Bearing Fruit
At the burning of an unknown art piece, I met a guy named Nick with whom I had a fascinating discussion. Something that stuck with me was his perspective on us (people who enjoy and participate in Burning Man) as fruit bearing trees. It can take many years for a fruit to first form on a fruit bearing tree and different seasons can yield different quality of fruit. My experience in Black Rock City (BRC) this year bore several perspective altering fruit. One is more personal and won’t be shared, but here are the other two.
On Being an Inconsiderate Person
There was a period of time where my friend Joey wasn’t speaking to me. I asked him if he was angry and he said he wasn’t. He just said that I was an inconsiderate person. I was surprised at this! I didn’t try to defend myself, I just began to reflect on what he said and if it had any truth.
It’s true, I can be an asshole on the road, when driving. But does that same assholeyness transfer to how I interact with those I care about?
I make my needs a priority. If there’s something I need, or something limiting me from being able to perform, I address that first. For me to be able to provide myself to others in a sustainable way, this has to be the case.
This perspective is a reaction to my past, where I would avail myself to others before tending to my own needs and priorities. This led to many cases where I was left in a poor situation after I spent a lot of my time and energy on others, not having enough left over to address my own needs. There were definitely other factors at play (not valuing myself enough, making poor decisions, etc.), but this led me to the place I find myself now.

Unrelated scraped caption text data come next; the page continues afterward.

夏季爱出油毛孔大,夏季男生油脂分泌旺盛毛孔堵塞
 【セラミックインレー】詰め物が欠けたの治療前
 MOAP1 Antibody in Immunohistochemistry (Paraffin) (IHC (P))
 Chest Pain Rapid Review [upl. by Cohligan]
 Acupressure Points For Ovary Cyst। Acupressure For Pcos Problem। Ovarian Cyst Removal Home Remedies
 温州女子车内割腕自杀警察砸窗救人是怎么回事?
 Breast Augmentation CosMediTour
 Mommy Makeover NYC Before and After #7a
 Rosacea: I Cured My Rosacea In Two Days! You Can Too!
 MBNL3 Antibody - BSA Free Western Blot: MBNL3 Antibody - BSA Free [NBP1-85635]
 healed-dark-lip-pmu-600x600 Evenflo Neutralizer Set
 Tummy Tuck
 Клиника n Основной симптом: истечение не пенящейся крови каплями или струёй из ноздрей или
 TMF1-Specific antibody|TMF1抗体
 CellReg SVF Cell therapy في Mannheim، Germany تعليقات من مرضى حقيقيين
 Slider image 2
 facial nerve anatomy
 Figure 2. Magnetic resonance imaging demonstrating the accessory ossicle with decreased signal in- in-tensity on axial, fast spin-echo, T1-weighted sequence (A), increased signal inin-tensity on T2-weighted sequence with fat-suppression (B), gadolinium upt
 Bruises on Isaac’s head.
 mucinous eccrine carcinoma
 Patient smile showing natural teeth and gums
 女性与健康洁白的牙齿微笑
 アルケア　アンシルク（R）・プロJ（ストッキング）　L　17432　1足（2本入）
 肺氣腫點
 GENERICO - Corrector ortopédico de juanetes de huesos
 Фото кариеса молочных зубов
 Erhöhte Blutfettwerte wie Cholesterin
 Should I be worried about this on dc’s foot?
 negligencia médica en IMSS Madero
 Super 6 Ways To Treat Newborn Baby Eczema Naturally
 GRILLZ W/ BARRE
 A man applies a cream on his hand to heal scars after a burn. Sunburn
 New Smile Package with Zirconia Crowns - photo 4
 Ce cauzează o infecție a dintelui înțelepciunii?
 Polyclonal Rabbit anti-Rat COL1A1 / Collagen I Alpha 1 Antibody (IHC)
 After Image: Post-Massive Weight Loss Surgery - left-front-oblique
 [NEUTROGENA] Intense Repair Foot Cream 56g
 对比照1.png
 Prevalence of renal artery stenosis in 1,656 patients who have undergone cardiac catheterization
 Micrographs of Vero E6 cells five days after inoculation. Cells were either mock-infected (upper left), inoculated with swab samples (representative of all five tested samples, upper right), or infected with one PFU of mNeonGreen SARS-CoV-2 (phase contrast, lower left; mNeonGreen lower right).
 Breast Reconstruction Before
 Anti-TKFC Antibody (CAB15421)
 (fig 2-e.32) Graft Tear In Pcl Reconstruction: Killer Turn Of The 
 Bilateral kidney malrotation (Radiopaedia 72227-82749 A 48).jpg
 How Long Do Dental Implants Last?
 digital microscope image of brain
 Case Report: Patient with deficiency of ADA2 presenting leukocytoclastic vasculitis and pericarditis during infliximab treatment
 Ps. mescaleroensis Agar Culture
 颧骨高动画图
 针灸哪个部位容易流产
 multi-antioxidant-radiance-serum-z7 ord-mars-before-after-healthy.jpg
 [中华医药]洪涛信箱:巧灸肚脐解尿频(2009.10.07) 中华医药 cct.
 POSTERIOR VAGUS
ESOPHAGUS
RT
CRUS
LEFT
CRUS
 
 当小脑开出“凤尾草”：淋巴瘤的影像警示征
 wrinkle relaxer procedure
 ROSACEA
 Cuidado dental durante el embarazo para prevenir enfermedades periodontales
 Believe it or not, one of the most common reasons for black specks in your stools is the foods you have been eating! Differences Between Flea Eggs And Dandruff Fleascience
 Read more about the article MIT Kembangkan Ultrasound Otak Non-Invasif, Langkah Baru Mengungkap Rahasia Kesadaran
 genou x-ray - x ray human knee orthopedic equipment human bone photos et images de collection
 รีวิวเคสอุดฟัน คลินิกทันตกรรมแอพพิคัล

On reflection of what Joey said, I realized that I went to the opposite side of the selfishness spectrum and that primarily addressing yourself first can be as negative as exclusively addressing yourself last. There is a middle ground that I haven’t really explored, where I can meet my needs and the needs of those around me in a less abrasive, sustainable way. My experience in BRC was really an invitation to explore that space.
Ego, Pride, and Humility
One message I’ve been repeatedly getting on the playa is to let go. But to let go of what? I don’t consider myself a particularly attached person. It was something that was ruminating in the back of my mind all week at Burning Man.
While at the Foley, after getting separated from friends and lost in thought, I came to the wild conclusion that I should step down as CEO from my startup, Lorable (to be the CTO). I was shocked at first at the thought, but then it immediately made sense. What I want to do at Lorable is focus on the tech and the product. That was what I cared about before building a company around this idea.
But somewhere along the way, I got caught up in the hype that comes with making a company. This was my idea, I started the project, I started this company, I’m the CEO! Me, me, me! The thing I needed to let go of was my ego, my pride that I had wrapped up and inflated in this project. If I consider myself to be the source of what we are working on with Lorable, I’ll be the ultimate limitation and eventually cause it to fail. A company is not a 1 man show. That perspective also disregard the awesome team that Lorable has that enables it to function and grow.
Letting go of this pride has been so fruitful. It makes so much sense for my partner Max to be the CEO, it pretty much matches what we’ve already been doing in running our business. Doing this gives us the right boundaries to stay in our lanes. It also opened up the operations role just in time to meet a uniquely qualified individual that may be a good fit!
I do care very much about where Lorable goes as a company and the decisions we make. But I don’t need to be the CEO to play this role. Founder and CTO is perfect for me, I still have the latitude to push our company in the direction I believe it needs to go, while focusing on the stuff I care most about.
Final Thoughts
Burning Man this year was amazing. I met some truly special people, that I can’t wait to see again. I ran into people whose body of work I respect like Paul Stamets and Alex Grey. The fellow entrepreneurs I encountered inspired me with the problems they are focused on solving. My ideas on polyamory, human connection, and (collective) consciousness were positively challenged. I was left with the feeling that we, humanity, do have what it takes to take on the challenges we face as a species, it’s just a matter of if we can come together to get it done.